With the closest ice rink in Jefferson City, it made sense for the Reubens to pack up and head to St. Louis for the week, where Patrick Reuben, 10, and Daniel Reuben, 8, could get a hands-on experience with hockey from guys that earn their living playing the game at the NHL level.
“We wanted more for our kids than Columbia offers, and this is just a great opportunity for that,” Richard said. “I think they’re learning a lot of particular skills that you’re going to get from people who have been playing hockey for a long time. That’s what I wanted them to get.”
Blues alumni Rick Zombo and Bruce Racine also played a role in the week-long session. For them, spending a week on the ice is anything but a job.
“If you looked at my feet, you’d know I’ve been in my skates for a long time. It’s the only thing that wears me down,” Zombo said. “On the flip side, it’s the kids that keep boosting your energy to keep going and going. It doesn’t seem like work because when you move one child, it’s well worth it. For them to have that type of self confidence and self esteem to try new things, you’re moving in the right direction. Having a positive effect on these kids on a daily basis, that’s not work.”
Campers spent several hours a day participating in rigorous on-ice drills, including both shooting and skating exercises. They also received off-ice skills training and learned valuable lessons, such as ways to respect the game, keep the locker rooms clean and to not let a jersey touch the floor.
But when camp wrapped up with scrimmage games on Friday, the Reubens were sad that it couldn’t have lasted longer, even if it meant living out of a Drury Inn for a few more days. Spending a full week in a hotel was a small price to pay for the on-ice experience the kids received.
“I think it’s pretty awesome because I know that a lot of kids don’t get an opportunity like this,” Patrick said. “I feel like I’m such a lucky guy.”
The Reubens have been all over the country when it comes to watching hockey. Richard used to own partial season tickets for the Atlanta Flames. Patrick was born in Los Angeles and loves the Kings, while Daniel was born in Boston and sides with the Bruins. They watch the Blues on television and road trip to Scottrade Center for games several times a year, making sure to catch the Kings and Bruins anytime they visit.
It’s stories like these that keep Salvador involved in the community.
“We like working with kids. We were all there at one time, and I think the three of us share the same thoughts and beliefs about how cool it would have been to go to camp with an NHL player. That’s kind of how we look at it,” Salvador said. “It’s just one of those things that you’ll remember the smile on the kids’ faces. It keeps you feeling young even though we’re getting old.”

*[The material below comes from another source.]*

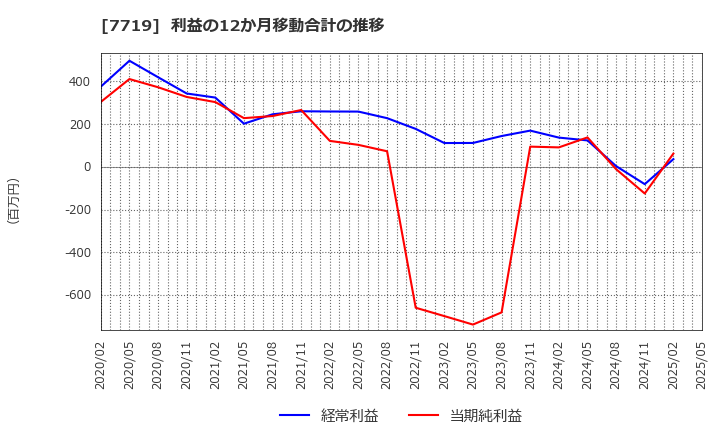 7719 (株)東京衡機: 利益の12か月移動合計の推移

|Campers were allowed to dress in the Blues locker room at St. Louis Mills. |
But Zombo, who serves as the director for the Hockey Academy of St. Louis, gets a different thrill out of it. He’s not looking to feel young, but he feels as if teaching the game of hockey is an effective way to teach kids about life.
“It’s not just drills, it’s what we’re teaching these kids here,” Zombo said. “Keep a clean dressing room, don’t throw your jerseys, thank you and no thank you. It’s life. Hockey mirrors life so closely it’s crazy. I can step on the ice and I can tell you within three minutes who needs to be asked to take out the garbage twice and who doesn’t take it out at all.
“I know this game inside and out, and I know children,” Zombo added. “When the two are put together, it just meshes. It’s harmony.”
That train of thought sums up why these players stay so involved in teaching children the game. With youth hockey in St. Louis starting to grow, they figure there is a role for them to play in developing interest in the game at a young age.
“Mayers, Salvador and Jackman, they understand that they are the pinnacle of hockey,” Zombo said. “But they have never forgot that the foundation is these young kids.”